Our national leaders chose the Westminster model of Parliamentary system for India for the revitalization of the pluralistic society. India had inherited a semi-feudal, caste-ridden society, ripped apart because of the partition. It had a stagnant economy. The leaders wanted to create an egalitarian society which would lend unity and integrity to the country and evolve a two-way communication system between the government and the citizens. Leaders like Pt. Nehru felt that elections, institutional changes at the rural level would create awareness in the rural masses about their rights and would thus help to curb economic backwardness. They felt that by empowering the people with adult suffrage, they would be able to mount pressure on the ruling elite to make sincere efforts to ameliorate their plight.

Therefore, the concept of a ‘welfare state’ within a democratic framework was approved for independent India. It was aimed to attain the social goals of elimination of poverty and ignorance and to ensure social justice to all its citizens.

During the formative years of India, the Congress, under the leadership of Pt. Nehru, provided political stability to the country. But, the one party dominance of the Congress eventually led to misrule. The concept of federalism was dropped in favor of a strong Centre. The dominance of the Congress at the state level was maintained by dismissing non Congress governments which emerged in the states. Till the mid-60s, the party enjoyed the support of the masses but it began to decline with the death of Pt. Nehru. The aspirations of the masses were not fulfilled which led to economic disparities between the lower class and the upper class. To achieve economic development, the party gave priority to agricultural production but did not concentrate on effective distribution of wealth. The one-party dominance was threatened by the rise of several regional parties which emerged because of absence of ideology-based parties. The regional parties based themselves on specific regional or local issues while some were based on caste lines.

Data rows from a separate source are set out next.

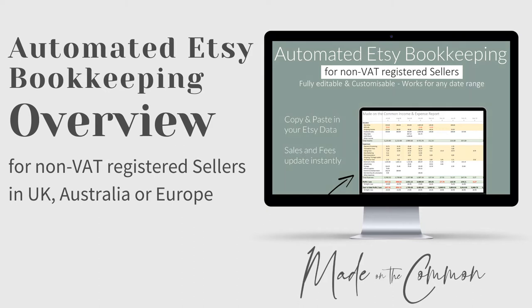Hi, I'm Sarah from Made on the Common, and in this video I'm going to walk you through the automated Etsy bookkeeping template that's been designed especially for non-VAT registered sellers who are based in the UK, Australia, or in Europe, as long as your payment account is in English.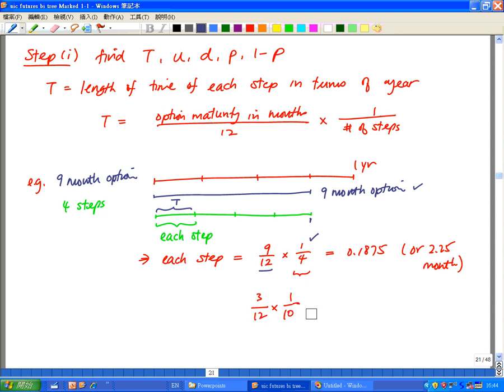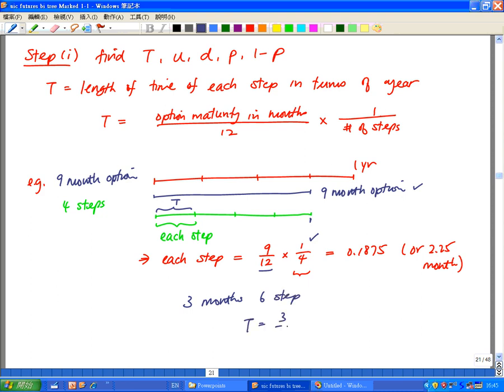In our example, T equals 0.1875, or 2.25 months. As another example, if we have a three-month option and need six steps, then T would be 3 over 12 — to account for the length of the option — times 1 over 6, to account for the number of steps within the three-month option life.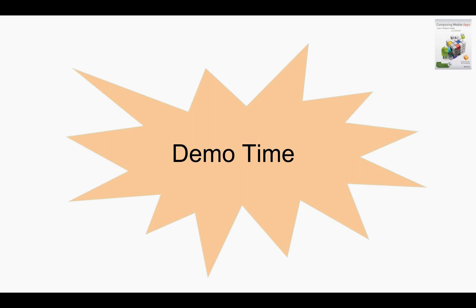So thank you for listening. Please leave your comments, share your thoughts, and let me know what else you would like to see in this particular channel. Thanks.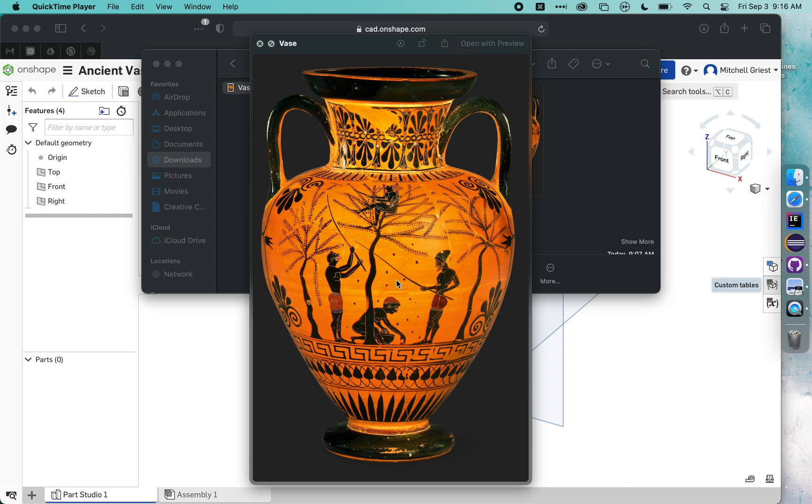So this is a picture of an ancient vase I found on Google Images, and this is what I'm going to be using as the base for my 3D model that will eventually get printed.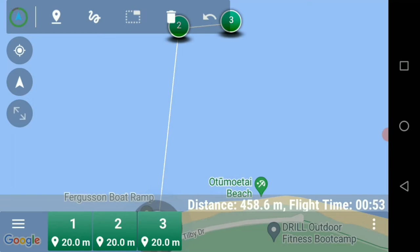Now that we have our three waypoints: number one is our waypoint close to where we are at takeoff, number two is our waypoint for the fishing location, and number three is going to be our waypoint to tell the drone to drop the bait.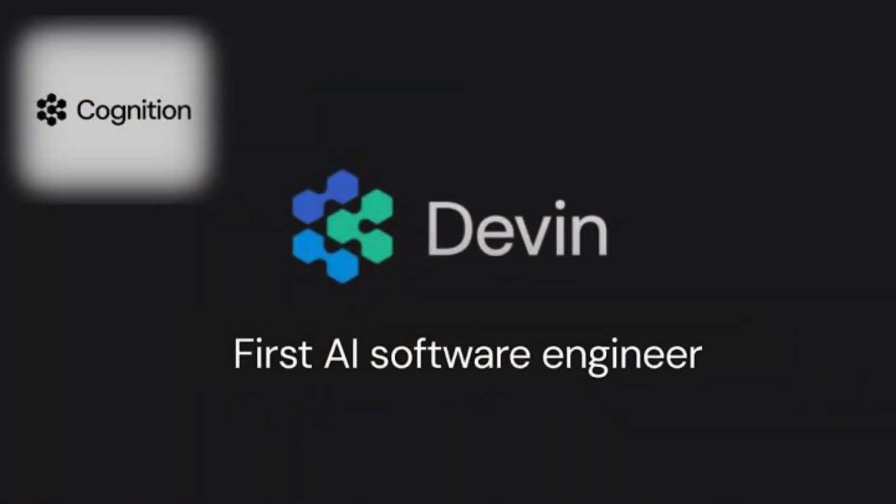Hey everyone, my name is Nasi and welcome to CloudChamp. In this video we talk about Devin, the AI software engineer.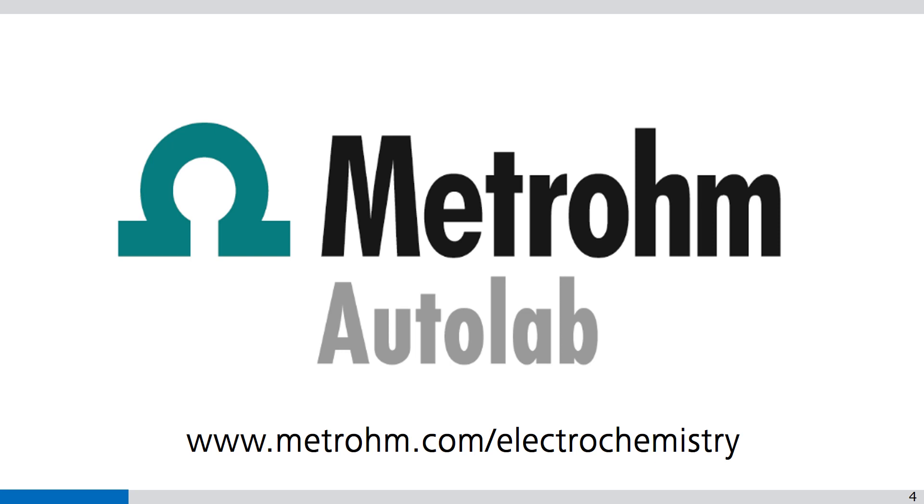Thank you for watching Nova videos. If you found this Nova video helpful, please like and share with your colleagues. You can subscribe to the Metrohm Autolab YouTube channel, so you are notified when new videos are available.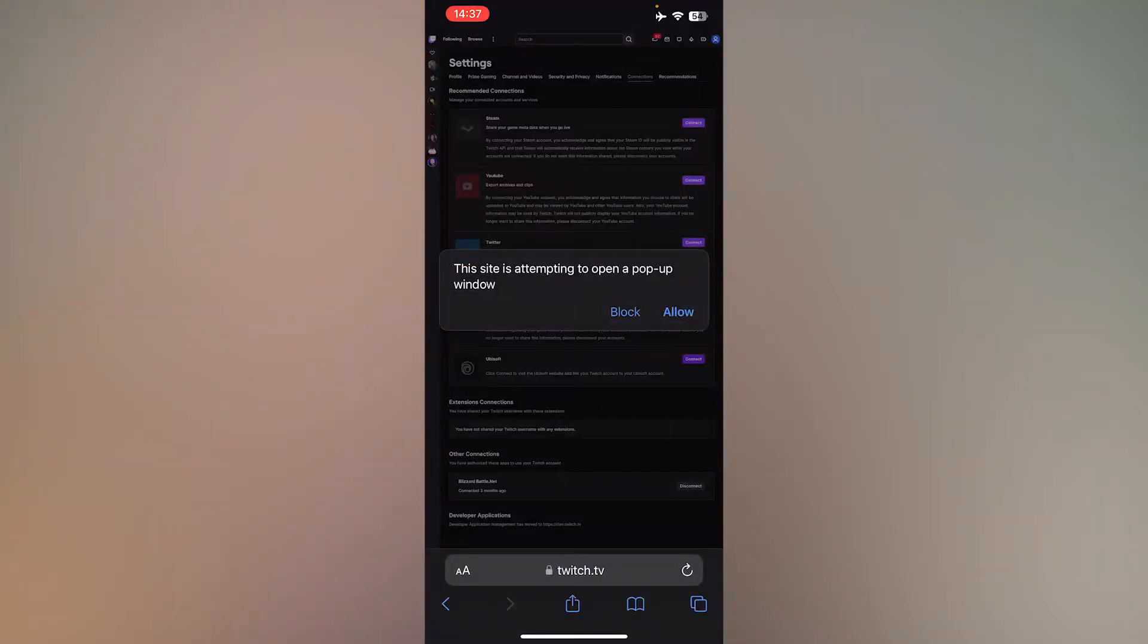Then, press allow when it says this site is attempting to open a popup window.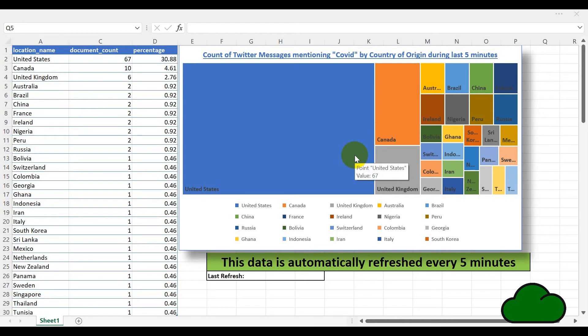Here is an Excel dashboard showing the count of Twitter messages mentioning COVID by country of origin during the last five minutes. The data is automatically refreshed every five minutes.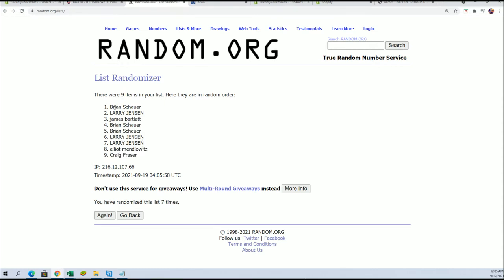Alright, Brian S, Larry, James B, and Brian S. Alright, you guys are in.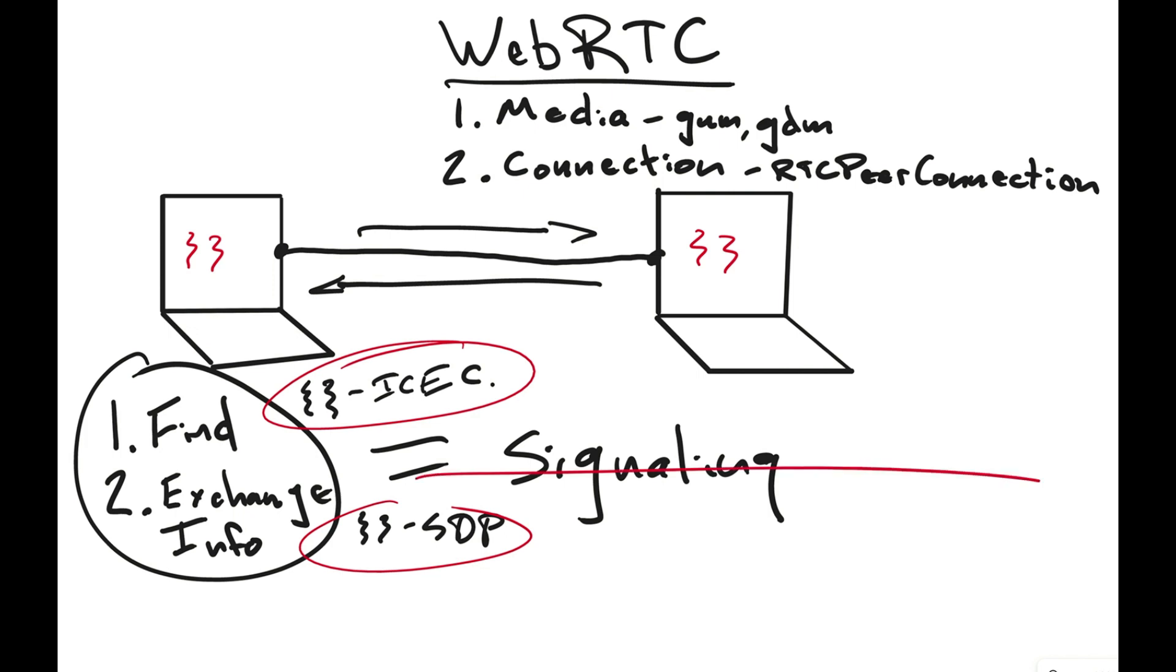Once it's been done, once it's on both sides, the signaling part is finished, unless you want to renegotiate.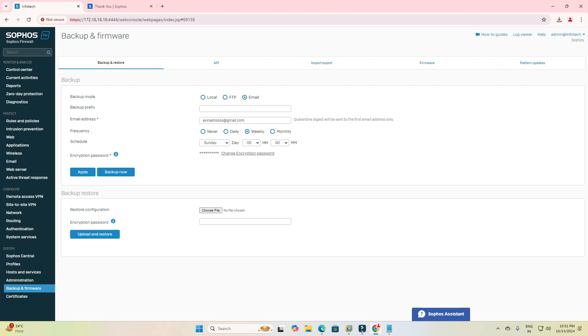Hi friends, welcome to my YouTube channel. Today's video I will guide you how to take backup from your firewall using email, FTP, and local, and how to restore this backup.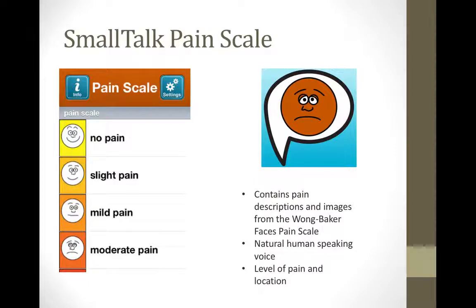The next application is also used for communication but in more specific circumstances, and it is called Smalltalk Pain Scale. Smalltalk provides a vocabulary of pictures that speak using a natural human voice. It provides pain descriptions and allows the user to communicate the level and type of pain to family members and healthcare providers. There are many other Smalltalk apps as well, such as one for days of the week and another for more conversational phrases.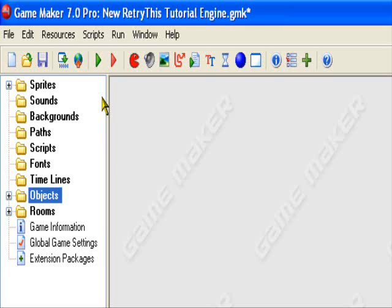Hello and welcome to an original VTryThis production. Today I'll be teaching you how to make a health bar in GameMaker. This can be done in Lite or Pro, it doesn't matter.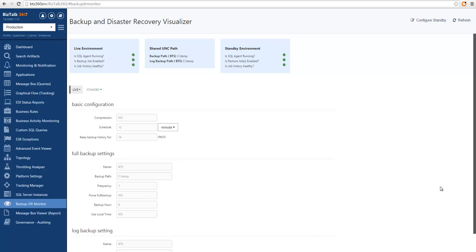Hey there, we're going to take you through a series of videos that will give you a general overview of BASAL360 features. In this video, you will learn the fundamentals of the Backup and Disaster Recovery Visualizer.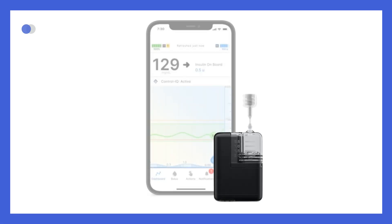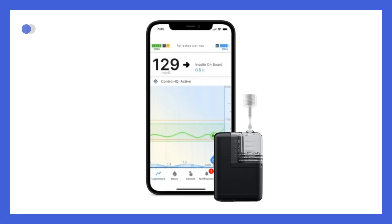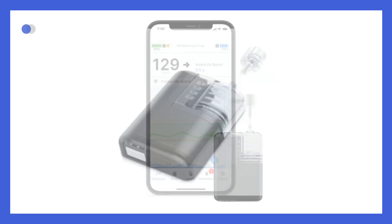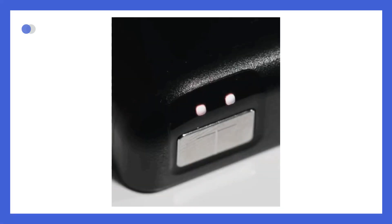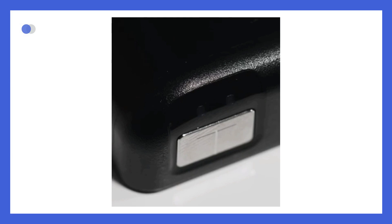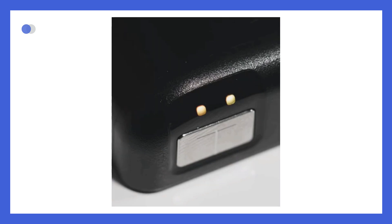The pump has no screen and is controlled by the Tandem Mobi mobile app. It has one pump button on the bottom. This button is used to turn the pump on or off, deliver a quick bolus, snooze alerts and alarms, and activate the pump's status lights. Above the pump button, there are two status lights that light up in different colors and patterns to let you know what the pump is doing even if you don't have your smartphone with you. To view the lights, you need to press and release the pump button.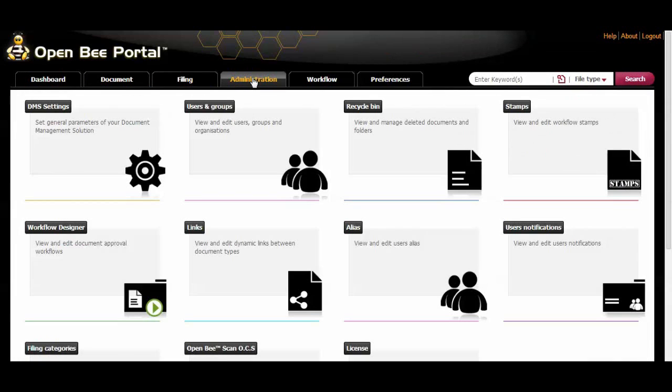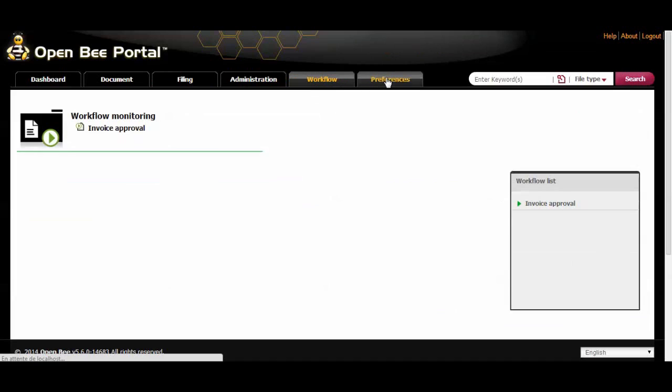As an administrator you will have an extra administration tab where you will find configurable modules such as the workflow tab that will allow you to visualize documents pending for approval.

The leadership of Gandhi led to the decadences of the Congress Party. During the period 1966 to 1975, she worked towards the centralization of powers and strengthened her power base. The state machineries like the media, law enforcing agencies, law interpreting agencies and the educational system were used to strengthen her power. Centralization of powers and the inability to fulfill its promises led to the alienation of the Congress from the masses. It resulted in spontaneous outbreak of violence in several states. Political dissidence within and outside the Congress party, criticism by the press and mass discontentment with the working of the government were witnessed during the 1970s. All these and the judgment of the Allahabad High Court, accusing her of indulging in malpractices in election, culminated in the imposition of national emergency on 26th June 1975. Emergency led to further alienation of the Congress from the people, both in the urban and the rural areas. This led to the Congress debacle in the March 1977 elections.